社会保険料は、従業員の給料に対して約3割。
これを会社と従業員が折半して負担しています。
負担率の話をすると、必ず「会社負担分は実質給料だ」という話がプロの方から出てきます。
その従業員がいなければ、会社負担分はないわけですから、なるほど、そういう考え方もできるでしょう。

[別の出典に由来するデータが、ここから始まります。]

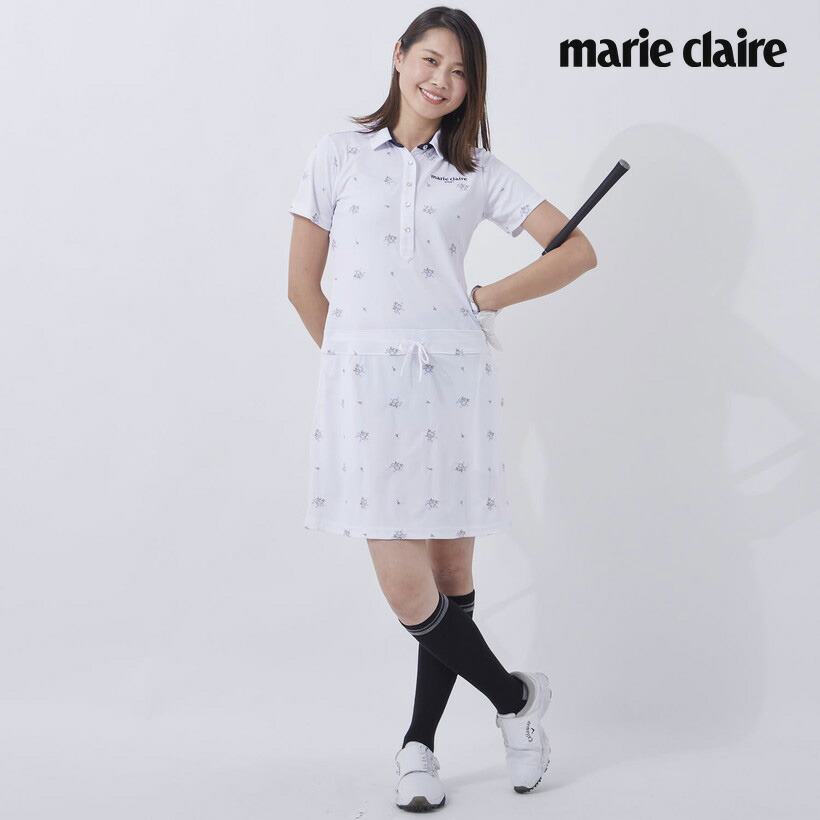 正規品】 マリクレール marie claire レディース 女性 ワンピース 半袖 ストレッチ素材 UV 吸汗速乾 ロゴ ゴルフ ウェア  :712403-wt:ファッションスポーツ FASPO - 通販 - Yahoo!ショッピング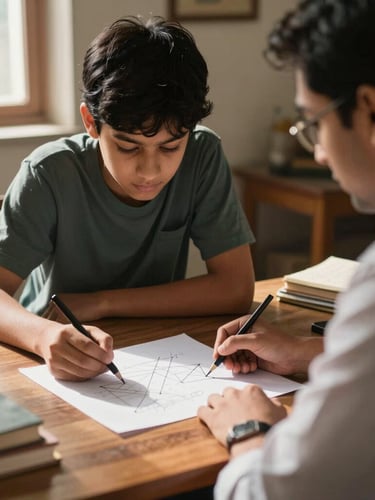 Over-the-shoulder shot of a warm home study desk in Jabalpur, a tutor explaining a geometry concept on paper to a focused teenager, natural afternoon light, high-contrast details.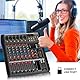 Depusheng DX6 Professional Mixer Soundboard Konsole 6-Kanal Desk System Interface Digitaler USB MP3 Bluetooth Eingang 48V Phantomspeisung Stereo DJ Studio FX Stahlgehäuse, Audio Mixer für PC Schwarz
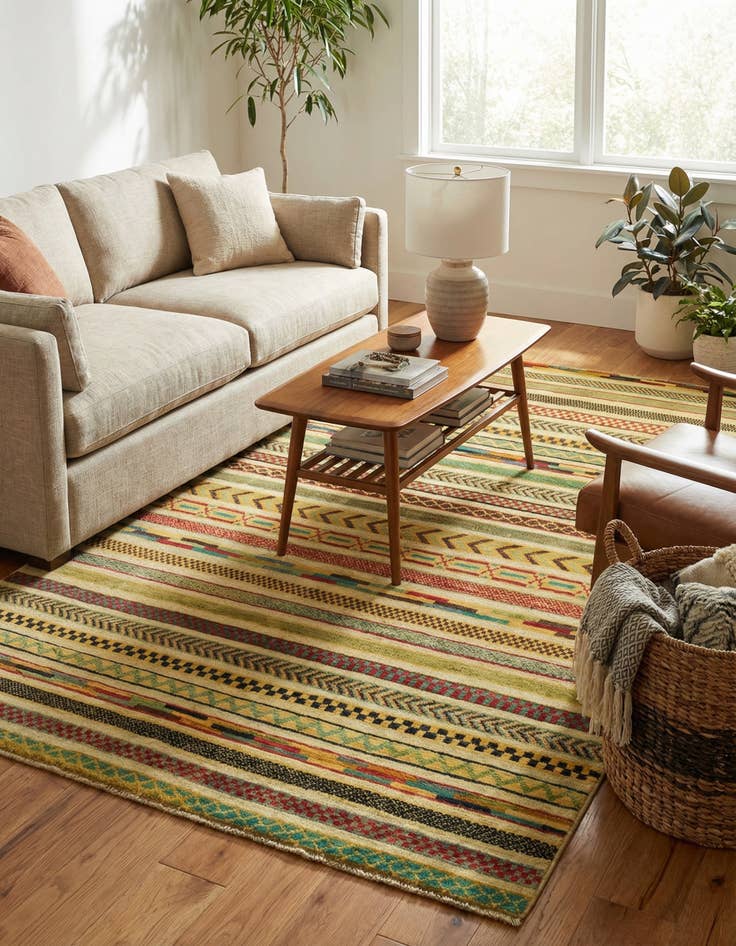 Detail image of 4' x 5' 10  Hand Knotted Modern Ziegler Rug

では田中一郎さんに会社負担分も含めて、社会保険料を負担してもらいましょう。
するとこんな表になるのかな?
0が会社負担分を田中さんが実質給料として、受け取ったとした分を加算した金額(360万円+538,920円)。
田中さんの社会保険料負担は、倍になります。
この場合は31%の負担です。
けっこうきついですが、50%とまではなりません。
いや、高い?
いや、低い?
この種の議論は尽きませんが、自分はいくら給料をもらっていて、どんな負担があるのか。
それは源泉徴収票からも読み取ることができます。
まずは今度もらう源泉徴収票、よく見てみましょう。